Tuesday, March 6, 2012

THE FREEDMEN'S GREAT EXODUS TO KANSAS

Benjamin Singleton, and S.A. McClure, Leaders of the Exodus, leaving Nashville, Tennessee. Photomural from montage. Historic American Building Survey Field Records, HABS FN-6, #KS-49-12 Prints and Photographs Division (107) ["Ho For Kansas!" Copyprint of handbill. Historic American Building Survey Field Records, HABS FN-6, #KS-49-14 Prints and Photographs Division (109)Library of Congress]

In 1874 Benjamin Singleton and his associates formed the Edgefield Real Estate and Homestead Association in Tennessee. This association sought out the best locations for black settlements. Singleton tried to establish a well-planned and organized movement to Kansas, but by 1879, the unruly, mass Exodus had overwhelmed his efforts.  [Library of Congress]

Benjamin "Pap" Singleton (1809-1892)

A leader in the "Great Exodus" that brought thousands of African Americans west from the post-Reconstruction South, Benjamin Singleton became toward the end of his life a pioneer of black nationalism who launched one of the first back-to-Africa movements in the United States.

Singleton was born in 1809 in Nashville, Tennessee, where he was several times sold as a slave but always managed to escape. Eventually, he fled to Canada, then settled in Detroit, Michigan, where he ran a boardinghouse that frequently sheltered runaway slaves.


Returning to Tennessee after the Civil War, Singleton became convinced that it was his mission to help his people improve their lives. He began in the late 1860's by organizing an effort to buy up Tennessee farmland for blacks, but this plan failed when white landowners refused to sell at fair prices.

Undaunted, Singleton set his sights on Kansas, where he and a partner named Columbus Johnson staked out a black settlement in Cherokee County (which failed) and a second settlement in Morris County. Singleton spread the word about his settlements through posters that circulated widely across the South, and he formed a company with Johnson that helped hundreds of black Tennesseans move to Kansas between 1877 and 1879.


Those who answered Singleton's call to head west became known as "Exodusters," and Singleton himself was described as the "Father of the Exodus." But the massive migration of African Americans from the South that reached a peak in 1879 was not inspired by Singleton alone. The driving force was the withdrawal of federal troops from the South in 1877, which marked the official end of Reconstruction and the return of racial oppression through segregation laws and the terrorist activities of groups like the Ku Klux Klan. By 1879, which became known as the year of the "Great Exodus," some 50,000 blacks had fled to freedom in Kansas, Missouri, Indiana and Illinois, while thousands more had been turned back by whites patrolling the rivers and roads.

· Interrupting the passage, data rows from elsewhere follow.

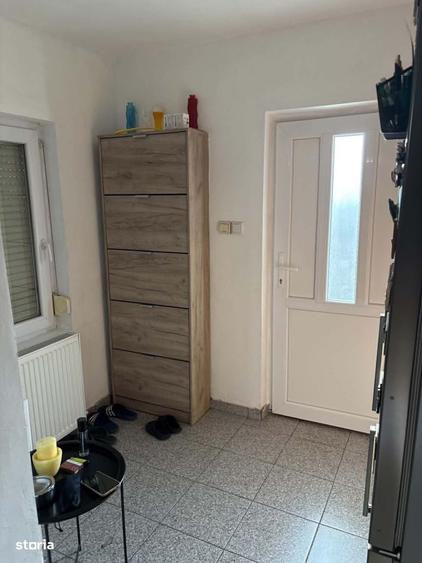 Casă cu 2 camere cu Teren 861 Mp în Șagului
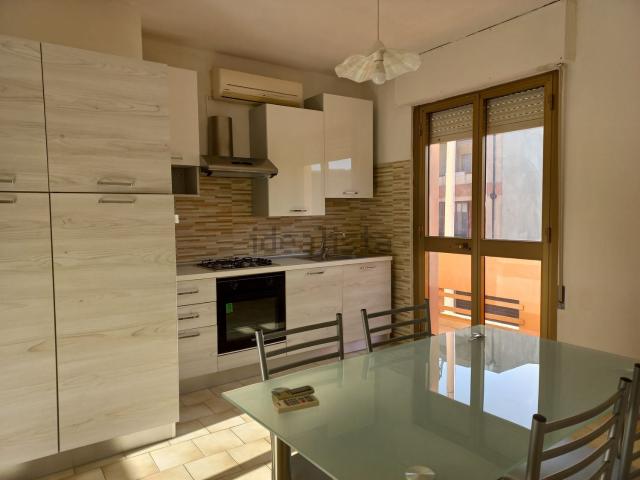 Appartamento in affitto a Sestu, Sardigna/Sardegna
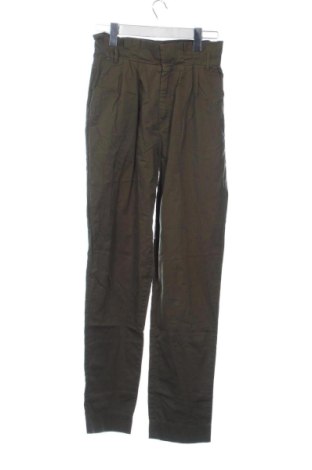 Damskie spodnie Twist & Tango, Rozmiar XS, Kolor Zielony, Cena 392,83 zł, #137875767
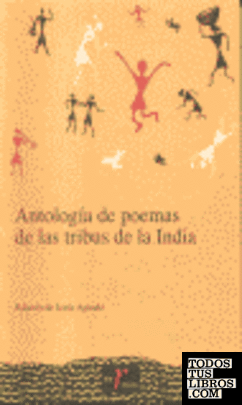 Antología de poemas de las tribus de la India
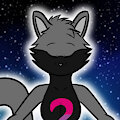 One More Personal Cosmic Pride by ScouttheCat02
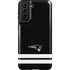 NFL New England Patriots Shutout Galaxy S21 Plus 5G Pro Case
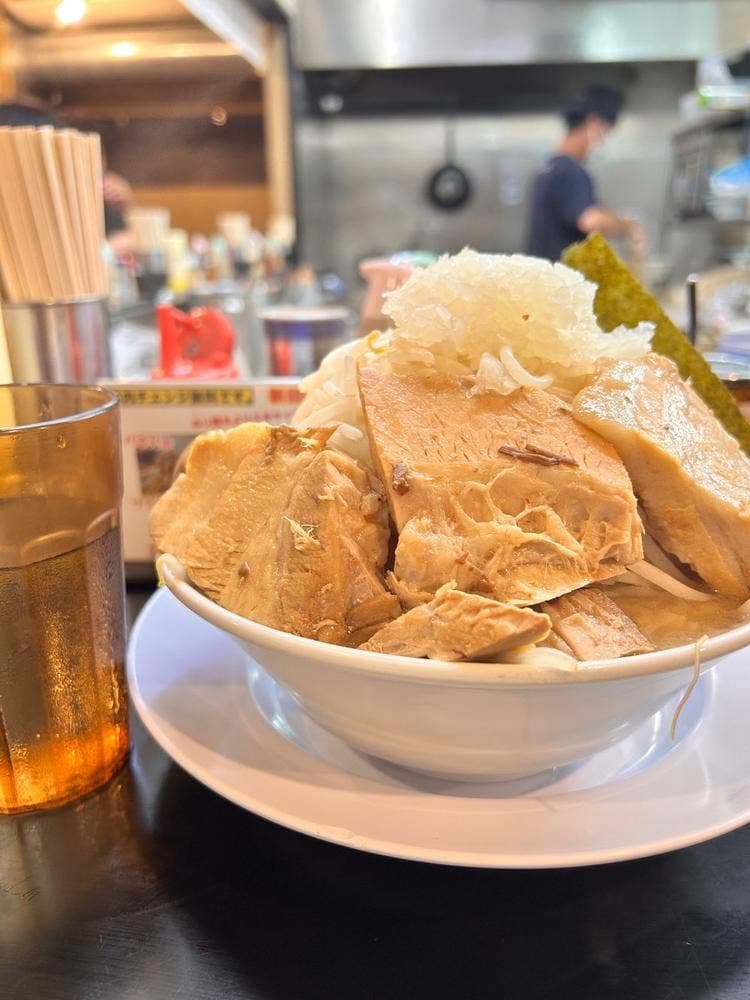 山勝角ふじ 南流山店
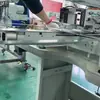 Máquina de Bordado Computarizada Modelo 3020 para Empeines de Zapatos de Área Grande, Modelo G de Cientos de Millones, Máquina de Apertura de Bolsas Grandes de Lujo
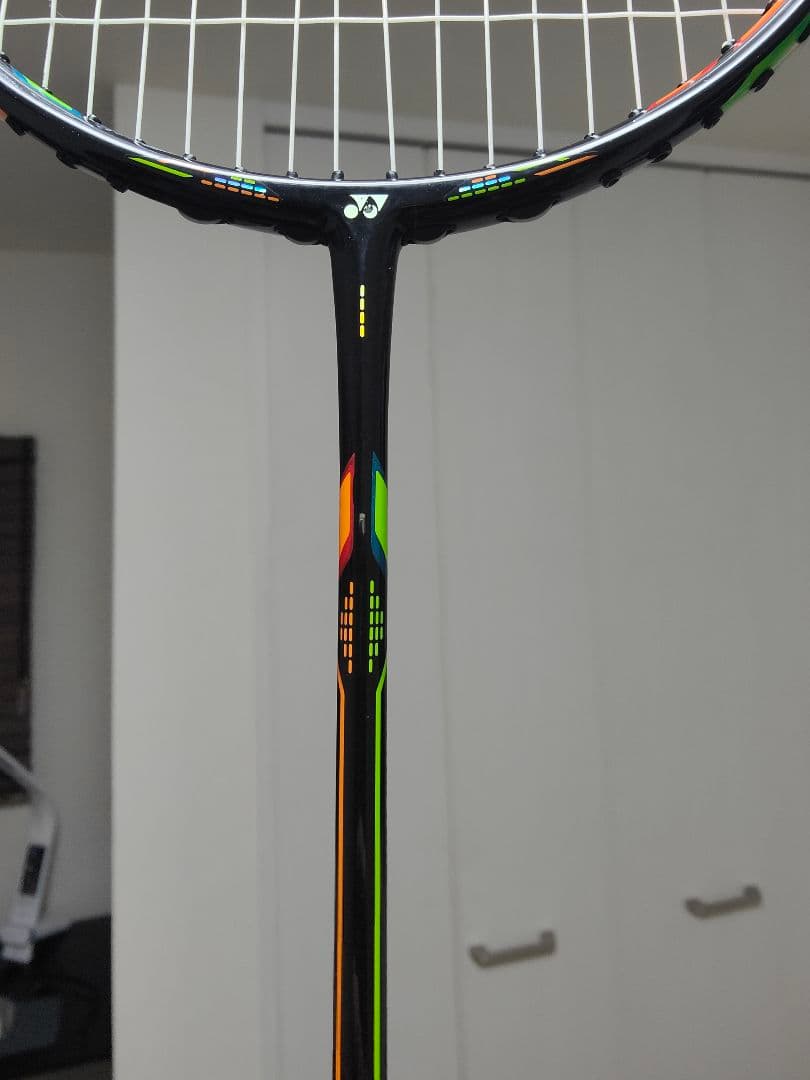 YONEX DUORA10 バドミントンラケット　良品☆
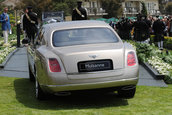 Bentley Mulsanne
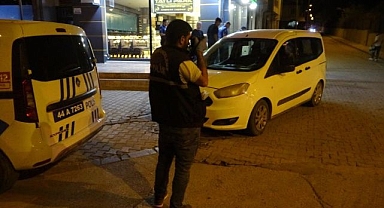 Tartışmanın sonu kanlı bitti!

In 1880, Singleton was called to testify at Congressional hearings on the alarming migration of blacks from the South. By 1881, however, Singleton had begun a new phase in his campaign to aid his people, organizing a party called the United Colored Links in a black section of Topeka, Kansas, called "Tennessee Town" because so many natives of that state lived there. Affiliated with the Greenbacks, a white workers' party that called for fundamental social change in the United States, Singleton's Links party was intended to help African Americans acquire their own factories and start their own industries. Unfortunately, Singleton soon discovered that there was not enough capital within the black community to achieve this goal.

Shifting his sights again, in 1883 Singleton founded an organization called the Chief League, which encouraged blacks to emigrate to the island of Cyprus. Few responded to his call, so in 1885 he formed the Trans-Atlantic Society to help black people move back to their ancestral homeland in Africa. By 1887, this group, too, had proven unsuccessful. Suffering poor health, Singleton was forced at last to retire from his self-appointed mission, and in 1892 he died in St. Louis. But his vision of a society in which African Americans owned the land, directed the industries and held the power would live on, finding a charismatic champion in Marcus Garvey, whose Universal Negro Improvement Association of the early 1920's briefly realized many of Singleton's dreams. (source: PBS)



"Ho For Kansas!" Copyprint of handbill. Historic American Building Survey Field Records, HABS FN-6, #KS-49-14 Prints and Photographs Division (109)[Library of Congress]

Blacks had obtained information about Kansas by several means: letters from migrants, who settled in Nicodemus and other locations; circulars; and mass meetings. Benjamin Singleton printed handbills in an attempt to attract blacks to visit or settle in Kansas. One such flier was headed: "Ho For Kansas!